Problem to work on ▸
Extract every record, exactly as written, and ignore the pictures.

Input data ▸

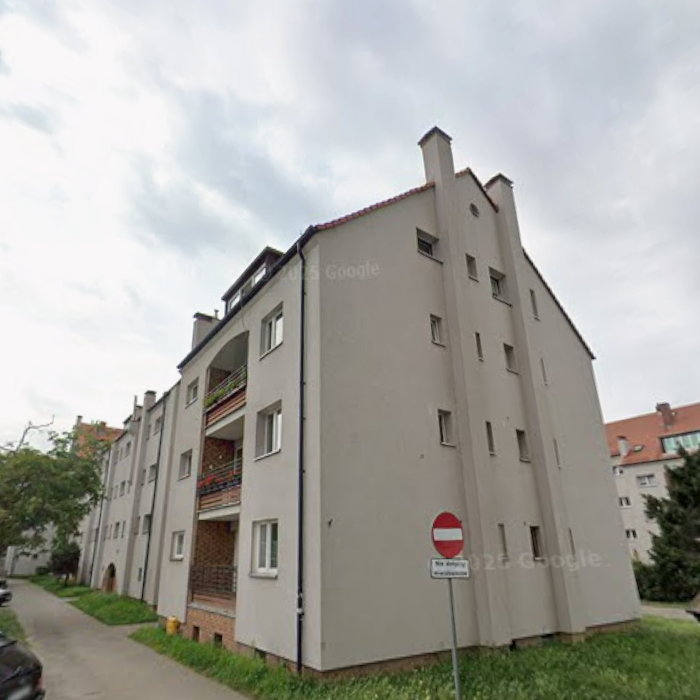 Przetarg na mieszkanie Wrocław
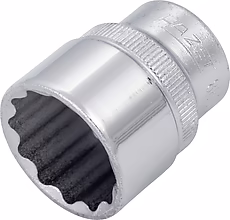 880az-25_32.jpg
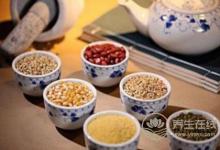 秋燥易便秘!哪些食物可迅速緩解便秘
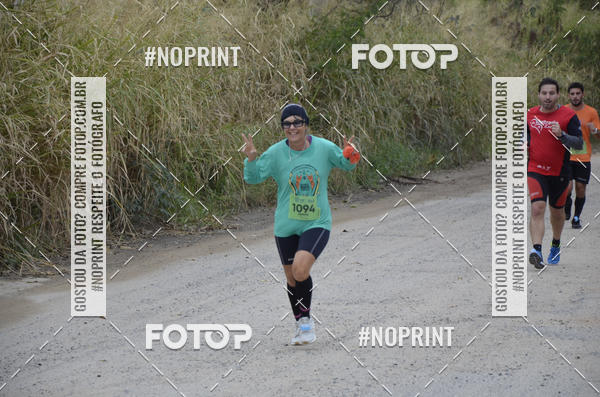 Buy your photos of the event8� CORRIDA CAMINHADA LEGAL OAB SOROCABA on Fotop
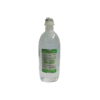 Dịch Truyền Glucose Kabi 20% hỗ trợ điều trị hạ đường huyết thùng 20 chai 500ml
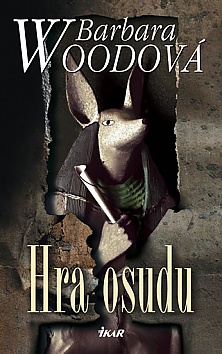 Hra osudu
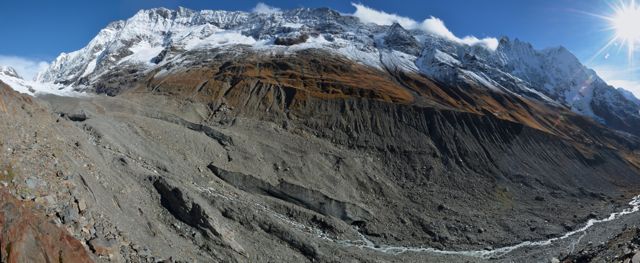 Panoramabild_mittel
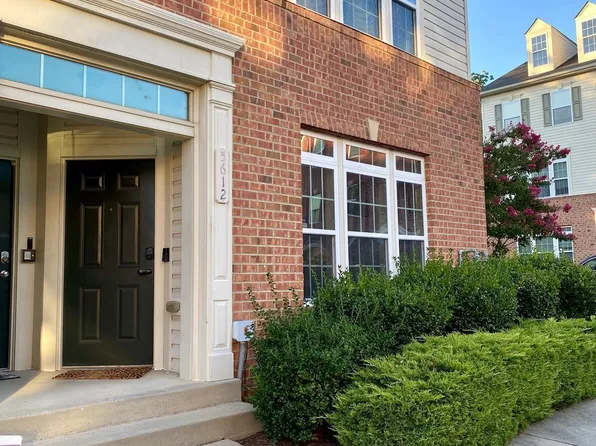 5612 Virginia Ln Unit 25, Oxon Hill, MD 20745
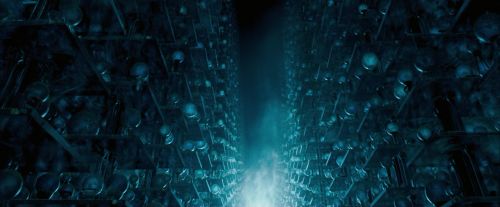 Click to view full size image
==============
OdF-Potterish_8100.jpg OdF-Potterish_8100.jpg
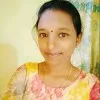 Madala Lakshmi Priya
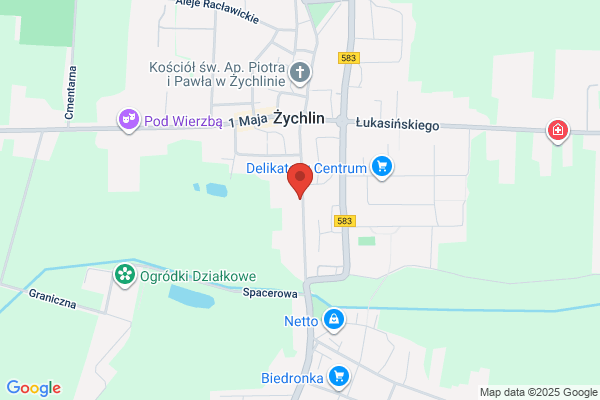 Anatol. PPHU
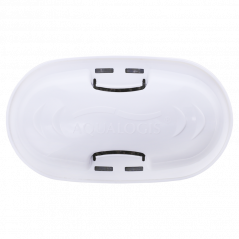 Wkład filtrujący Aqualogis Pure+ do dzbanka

Result for this exercise ▸
 Przetarg na mieszkanie Wrocław
 880az-25_32.jpg
 秋燥易便秘!哪些食物可迅速緩解便秘
 Buy your photos of the event8� CORRIDA CAMINHADA LEGAL OAB SOROCABA on Fotop
 Dịch Truyền Glucose Kabi 20% hỗ trợ điều trị hạ đường huyết thùng 20 chai 500ml
 Hra osudu
 Panoramabild_mittel
 5612 Virginia Ln Unit 25, Oxon Hill, MD 20745
 Click to view full size image
==============
OdF-Potterish_8100.jpg OdF-Potterish_8100.jpg
 Madala Lakshmi Priya
 Anatol. PPHU
 Wkład filtrujący Aqualogis Pure+ do dzbanka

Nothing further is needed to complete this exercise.